Naquela noite, o Coliseu foi quebrado, e de alguma forma... Destruído. Aquela dimensão partiu-se em pedaços e, fora do universo, os próprios deuses sentiram que algo estava errado pela primeira vez nas suas longas eternidades... Algo havia chegado, e este algo havia destruído o sistema que continha o universo.
Quem? Quem?
Naquela noite, a balança do mundo quebrou-se, uma estrela brilhou em um planeta pequeno e afetou todo o espaço-tridimensional do universo.

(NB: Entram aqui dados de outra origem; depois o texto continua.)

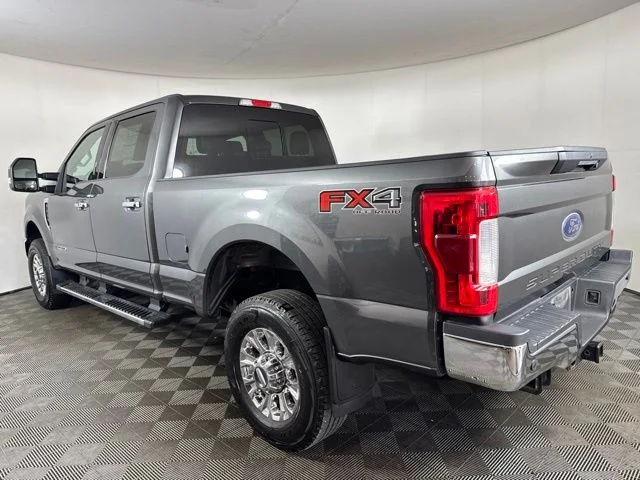 Used 2019 Gray Ford Lariat image 6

O Rei dos Mortos estava destruído, porém, alguém havia colocado a sua coroa…
Quem?
***
— Parece que isso agora me pertence.
A Voz calma de um garoto ecoou num céu recheado de estrelas, voando onde às nuvens o tocavam e a lua era testemunha da sua coroação.
Quando segurou a Coroa do Rei, o antes Sem Nome, mas agora Lich, tornou-a de metal da mesma cor dos seus cabelos... Um prateado tão refinado que refletia tanto a luz da lua carmesim quanto das estrelas como um espelho.
A Coroa tinha Dez Picos, com um único Cristal bem a frente, um que jamais poderia ser encontrado em qualquer lugar além dela.
Colocando a coroa sobre a sua cabeça, o garoto desceu sobre a varanda do quarto do Rei, e observou logo a frente o horizonte.
Havia dor, ódio, tristeza... Mas uma pequena dose de alegria, uma chama que ainda tentava sobreviver. Ele a incendiaria em breve.
— Que lindo livro. — Disse o Rei, virando às costas e entrando em seu castelo.
Logo a alvorada virá.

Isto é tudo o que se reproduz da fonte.